Rouse, who lives with her husband in a small Virginia town near the Blue Ridge Mountains, has composed ten albums, with many of her tunes accessible on the Earth Mama website. She has drawn inspiration from the writings of Rachel Carson, Passionist Fr. Thomas Berry, Brian Swimme, Christian mystic Julian of Norwich, and Vandana Shiva, to name just a few authors.
In addition, Cincinnati Charity Sr. Paula Gonzalez, founder of the EarthConnection learning center, served as one of Joyce Rouse’s earliest mentors, and inspired the 1995 song “The Same Air.”
At a workshop where Gonzalez explained that humans have breathed the same air for eons, Rouse became both astonished and humbled by the concept. A song emerged, telling that Joan of Arc, Isaac Newton, Daniel Boone, Harriet Tubman, Cleopatra, George Washington Carver and Moses all inhaled the identical oxygen.
“So let’s take care of the very same air,” she sings in the refrain, often having audience members don a battle helmet and sword, like Joan of Arc, during live performances.
Released in 2013, Rouse’s latest album “A Sense of Place” brings both seriousness and lightheartedness to listeners. “Heaven Down Below (Whitetop Mountain)” is a poignant heartbreaker, recounting how bank takeovers, irresponsible development, mining and mountaintop removal have wiped out entire towns and destroyed communities.
In the song, an Appalachian farmer loses his home on Whitetop Mountain and at one point wonders, “When will they say you can’t eat money? When will they know you can’t drink gold? There is no cure for the greedy sickness, if you can’t see heaven down below.”
Rouse’s favorite from the album, “Detour Road,” is an up-tempo “rocking chair” tune that encourages listeners to opt for love and peace instead of hate every time they come to that “wishbone in life’s highway.”
“It’s a lyrical jug band folk song version of Jesus’ teachings,” Rouse, a lifelong Quaker, told NCR.
Teaching basic concepts of ecology and earth spirituality through music has been a major career turnaround from where Rouse was in 1986 -- working in Nashville creating songs for recording artists. But that job deteriorated into hollowness as she grew tired of finding new ways to write the same lyrics lamenting heartbreak.
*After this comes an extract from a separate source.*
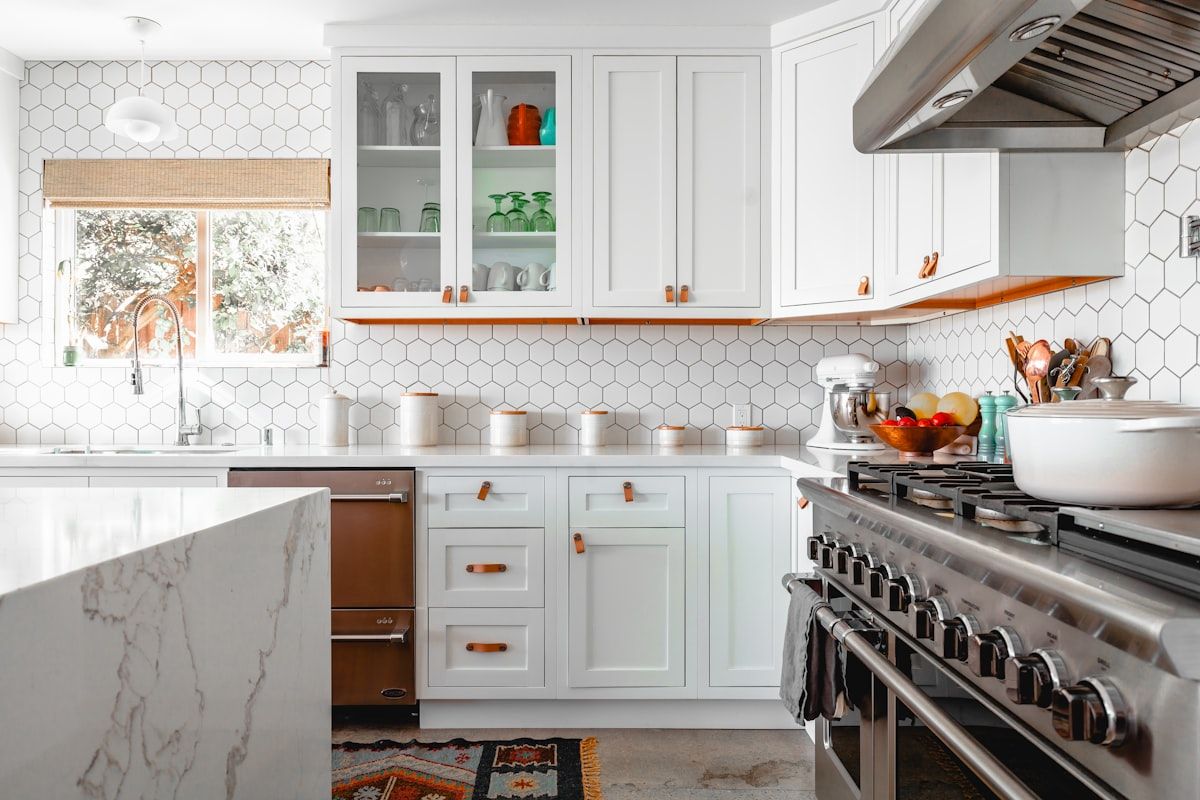 Stone countertop with waterfall edge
Music had been her “first language,” from childhood, but Rouse’s soul cried out for depth and meaning. Meditation at her Quaker meeting house unearthed memories from childhood, of life in Iowa on her family farm where “I meandered by the creek and made up little poems while I brought the cows home.” The poems soon turned into tunes as Rouse had begun by age three playing songs by ear on the piano.
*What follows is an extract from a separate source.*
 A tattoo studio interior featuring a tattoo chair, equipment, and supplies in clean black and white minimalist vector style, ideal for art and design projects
Earthly songwriting happened by chance. As Rouse prepared a talk on recycling for her son’s kindergarten class, a song emerged: “Less Is More.”
When she shared it with a musical co-worker, the feedback was an appreciative “keep on writing.” And she did. Soon afterward, Rouse enrolled in a masters’ program in earth literacy at St. Mary of the Woods College, in Saint Mary of the Woods, Ind.
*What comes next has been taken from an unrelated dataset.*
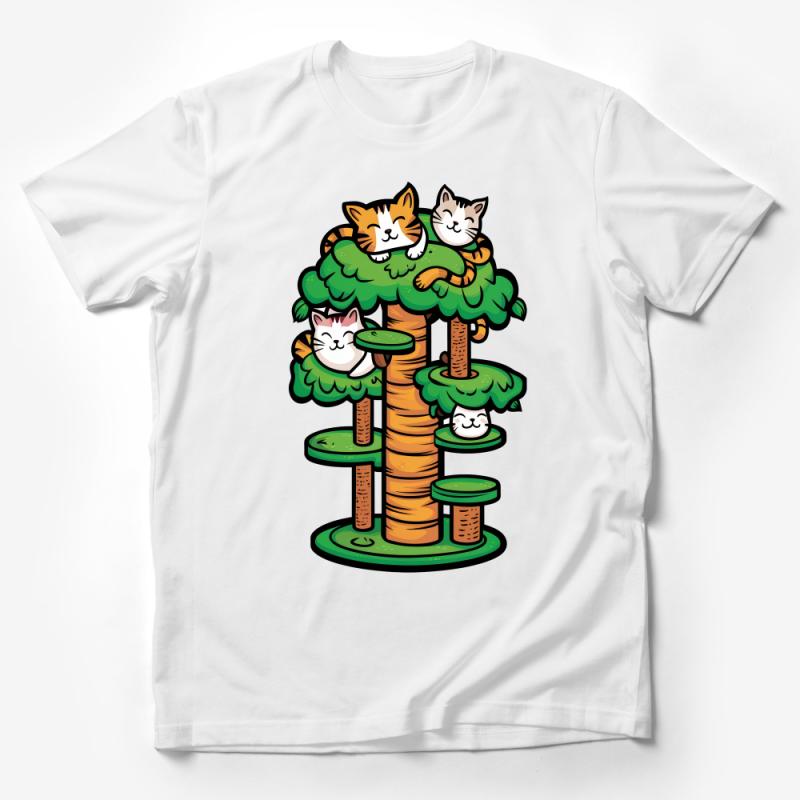 Cute Cat Tree Graphic T-Shirt, Cartoon Cats Climbing Tree Tee, Cat Lover Unisex Apparel, Casual Kitten Illustration Shirt Male T-Shirt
The program was like coming home to her soul.
Once let loose, the creativity flowed like a rushing river. In 1995 her song “Standing on the Shoulders” was tapped as the theme song for the 75th anniversary of women’s suffrage in Washington, D.C.
Rouse’s music has taken her into venues across the United States, frequently into Catholic settings. In April, she spent a week as artist-in-residence at St. Edmund Catholic School, in Eunice, La. She sang with grade school and high school students in their classrooms, talked about living green and conducted a song writing workshop.
“They loved it and talked about it for weeks,” said Sr. Joel Miller, a member of the Marianites of Holy Cross.
Outside the school, Rouse held a sing-along at the local Marianites of Holy Cross nursing home and staged a city concert, with students singing and donning costumes for several songs.
At one point, Rouse “even went crawfishing while she was here,” Miller said.
No doubt at any ensuing crawfish broils, Earth Mama sang a song encouraging all to compost the discarded shells.